An adult female skull of the Epi-Jomon period (Esan culture) found at the Minami-Usu 6 site, Date, southern Hokkaido, was measured and described. Metrically, the skull was characterized, among other things, by a relatively long vault and a moderately high upper face. Morphological observations revealed that the facial skeleton of the skull was as a whole reduced in size as compared with that of Jomon crania, while attrition of the teeth was well advanced arid had reached Stage III or IV, as is frequently seen in Jomon crania.
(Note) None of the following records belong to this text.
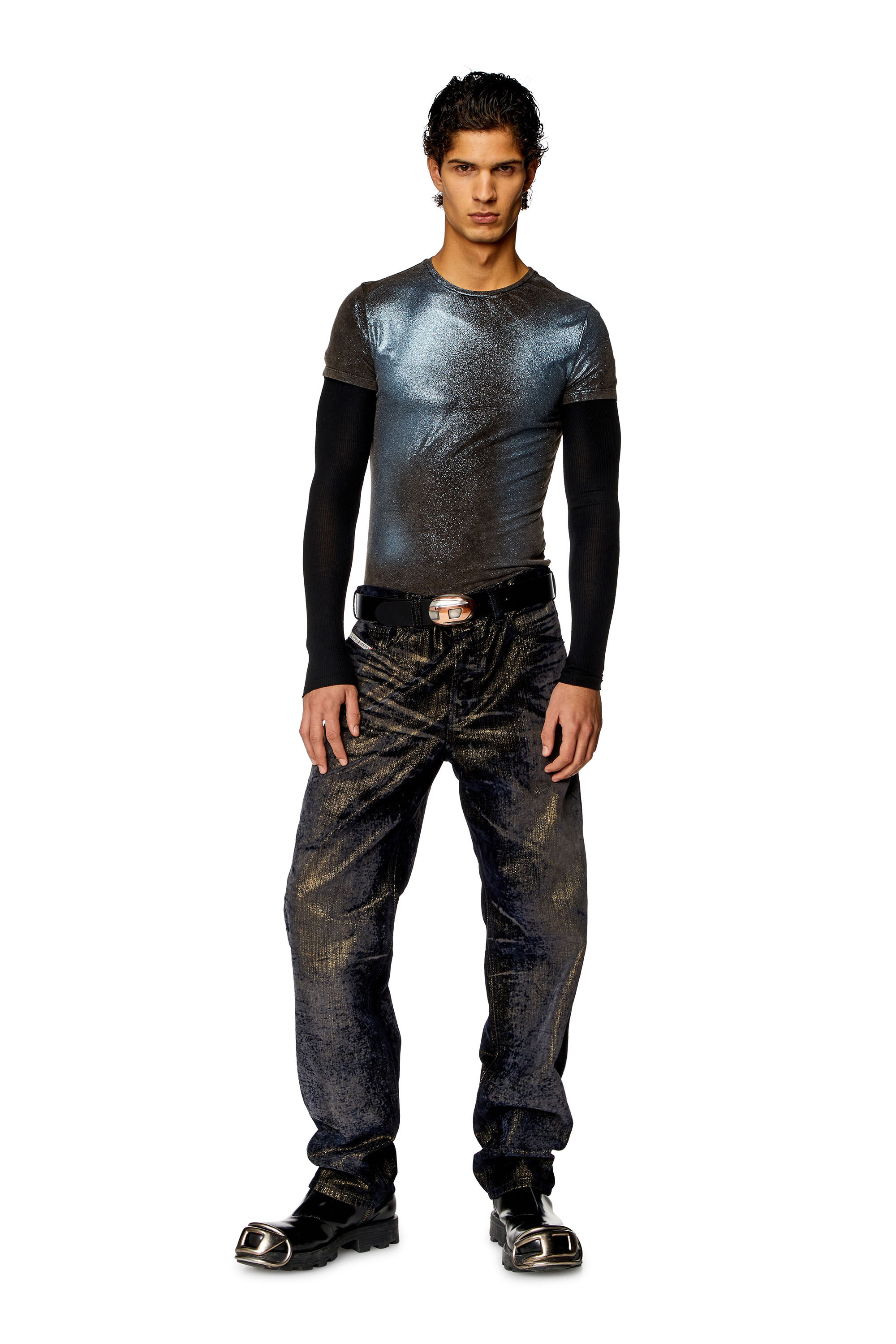 Diesel - Straight Jeans 2010 D-Macs 09I49, Black/Dark grey - Image 4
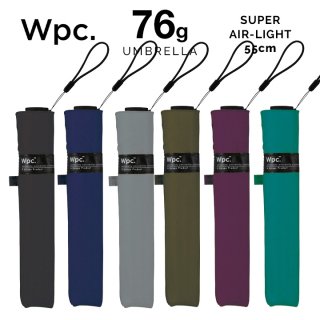 【wpc】折りたたみ傘 最軽量76g傘 Super Air-light Umbrella 55cm w.p.c ワールドパーティー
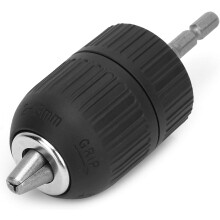 Tool-Free Accessory for Drill Chucks, 2 - 13 mm Keyless Chuck with One Hand Operation and 3-Jaw Design, Conversion Tool Featuring 1/2 Inch Socket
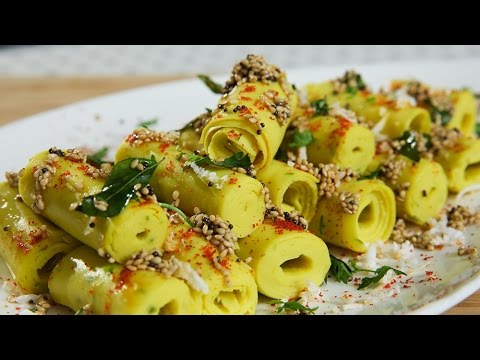 Khandvi Recipe | Gujarati Recipes | How To Make Khandvi | Gujarati Snack Recipe | Ruchi’s Kitchen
PENROSE's shape distances, based on 21 measurements, showed that the Minami-Usu 6 skull was closer to the skulls of the Ainu series than to those of the Jomon series in Honshu. Of the six cranial indices which have been effective in discriminating between Ainu and Jomon crania, four indices suggested the close affinity of the Minami-Usu 6 skull with the Ainu series. With regard to the indices of facial flatness, the frontal and simotic indices of flatness of the Minami-Usu 6 skull were intermediate between the averages of the Ainu and Jomon series, with only the zygomaxillary index of flatness exceeding the averages of both the Ainu and Jomon series. A likelihood ratio analysis of the non-metric cranial variants applied for the Ainu and modern Japanese, based on 29 traits, indicated that the Minami-Usu 6 skull was far more likely to have come from the Ainu population than from the Japanese population. Taking all the results obtained from this study into consideration, it was concluded that the total morphological pattern of the Minami-Usu 6 skull was slightly closer to that of the Ainu series, especially to that of the Ainu in southwestern Hokkaido, than to that of the Jomon series in Honshu.